Your task — First find the line with "GREENMILL Serrucho cola" in the entries below, then set down exactly every line through the line with "Doppelhaushälfte Dülmen - 8", that line included.

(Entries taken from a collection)
-*-*-

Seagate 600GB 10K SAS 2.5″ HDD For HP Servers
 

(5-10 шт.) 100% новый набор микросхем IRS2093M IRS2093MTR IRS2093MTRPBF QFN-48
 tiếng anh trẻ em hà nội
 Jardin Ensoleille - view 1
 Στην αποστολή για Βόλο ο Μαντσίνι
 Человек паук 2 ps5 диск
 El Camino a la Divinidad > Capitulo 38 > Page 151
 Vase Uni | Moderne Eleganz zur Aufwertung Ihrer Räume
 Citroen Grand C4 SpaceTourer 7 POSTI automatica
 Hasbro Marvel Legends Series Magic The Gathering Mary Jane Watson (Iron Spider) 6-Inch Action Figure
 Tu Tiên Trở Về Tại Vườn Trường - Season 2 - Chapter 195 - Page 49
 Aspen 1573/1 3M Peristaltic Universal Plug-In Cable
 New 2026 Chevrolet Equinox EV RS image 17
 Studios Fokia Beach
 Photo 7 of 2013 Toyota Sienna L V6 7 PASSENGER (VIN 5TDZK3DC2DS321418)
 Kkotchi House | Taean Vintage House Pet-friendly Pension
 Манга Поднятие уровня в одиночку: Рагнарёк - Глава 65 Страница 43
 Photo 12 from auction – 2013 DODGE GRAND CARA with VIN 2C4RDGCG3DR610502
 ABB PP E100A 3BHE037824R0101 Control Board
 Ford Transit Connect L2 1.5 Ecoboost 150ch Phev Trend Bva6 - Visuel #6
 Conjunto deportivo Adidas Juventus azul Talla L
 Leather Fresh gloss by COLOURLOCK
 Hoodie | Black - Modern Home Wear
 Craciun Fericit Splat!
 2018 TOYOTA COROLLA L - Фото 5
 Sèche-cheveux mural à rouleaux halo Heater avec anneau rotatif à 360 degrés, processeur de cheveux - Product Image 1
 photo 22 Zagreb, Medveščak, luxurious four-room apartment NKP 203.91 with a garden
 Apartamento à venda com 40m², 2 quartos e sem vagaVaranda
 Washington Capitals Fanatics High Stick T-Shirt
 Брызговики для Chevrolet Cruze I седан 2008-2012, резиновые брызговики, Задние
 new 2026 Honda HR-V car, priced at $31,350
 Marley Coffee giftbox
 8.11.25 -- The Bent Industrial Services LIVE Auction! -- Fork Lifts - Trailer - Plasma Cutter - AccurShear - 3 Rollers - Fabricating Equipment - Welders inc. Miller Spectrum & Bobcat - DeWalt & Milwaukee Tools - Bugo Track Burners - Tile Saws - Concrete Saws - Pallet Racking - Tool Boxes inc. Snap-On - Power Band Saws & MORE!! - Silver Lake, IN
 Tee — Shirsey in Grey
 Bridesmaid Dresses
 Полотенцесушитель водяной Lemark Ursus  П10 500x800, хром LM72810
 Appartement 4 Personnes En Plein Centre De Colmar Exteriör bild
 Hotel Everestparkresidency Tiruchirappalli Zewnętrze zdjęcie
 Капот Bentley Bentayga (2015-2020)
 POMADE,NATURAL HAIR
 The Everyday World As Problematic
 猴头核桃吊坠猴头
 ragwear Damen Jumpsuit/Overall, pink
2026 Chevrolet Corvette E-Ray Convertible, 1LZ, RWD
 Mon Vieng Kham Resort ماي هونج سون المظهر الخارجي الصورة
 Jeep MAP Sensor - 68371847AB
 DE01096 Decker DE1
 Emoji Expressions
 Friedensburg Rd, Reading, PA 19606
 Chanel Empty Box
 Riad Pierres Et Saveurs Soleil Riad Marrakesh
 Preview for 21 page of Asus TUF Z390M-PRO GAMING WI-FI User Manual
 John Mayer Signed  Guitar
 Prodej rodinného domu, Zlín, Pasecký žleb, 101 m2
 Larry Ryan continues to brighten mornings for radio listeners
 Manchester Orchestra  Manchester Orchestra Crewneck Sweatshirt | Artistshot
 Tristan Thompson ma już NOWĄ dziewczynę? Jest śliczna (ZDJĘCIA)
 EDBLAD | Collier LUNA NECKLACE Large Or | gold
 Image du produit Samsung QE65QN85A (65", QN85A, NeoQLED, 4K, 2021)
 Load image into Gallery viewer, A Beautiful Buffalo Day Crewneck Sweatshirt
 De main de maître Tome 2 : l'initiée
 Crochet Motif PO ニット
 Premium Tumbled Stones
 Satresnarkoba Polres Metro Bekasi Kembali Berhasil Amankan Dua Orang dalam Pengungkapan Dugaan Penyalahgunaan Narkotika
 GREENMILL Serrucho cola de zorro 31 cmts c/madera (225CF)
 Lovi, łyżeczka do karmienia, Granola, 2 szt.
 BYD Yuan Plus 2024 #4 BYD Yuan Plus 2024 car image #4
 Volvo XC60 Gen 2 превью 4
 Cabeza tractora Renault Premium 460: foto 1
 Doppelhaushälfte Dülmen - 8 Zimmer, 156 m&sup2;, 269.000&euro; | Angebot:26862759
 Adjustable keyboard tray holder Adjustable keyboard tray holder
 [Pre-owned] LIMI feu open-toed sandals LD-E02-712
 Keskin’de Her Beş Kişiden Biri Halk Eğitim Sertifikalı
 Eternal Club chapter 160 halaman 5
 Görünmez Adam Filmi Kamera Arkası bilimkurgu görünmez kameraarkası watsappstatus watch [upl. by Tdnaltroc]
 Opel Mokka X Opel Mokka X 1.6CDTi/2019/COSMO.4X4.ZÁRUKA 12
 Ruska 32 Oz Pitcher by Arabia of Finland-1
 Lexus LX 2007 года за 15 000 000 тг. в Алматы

-*-*-

Your response —
 GREENMILL Serrucho cola de zorro 31 cmts c/madera (225CF)
 Lovi, łyżeczka do karmienia, Granola, 2 szt.
 BYD Yuan Plus 2024 #4 BYD Yuan Plus 2024 car image #4
 Volvo XC60 Gen 2 превью 4
 Cabeza tractora Renault Premium 460: foto 1
 Doppelhaushälfte Dülmen - 8 Zimmer, 156 m&sup2;, 269.000&euro; | Angebot:26862759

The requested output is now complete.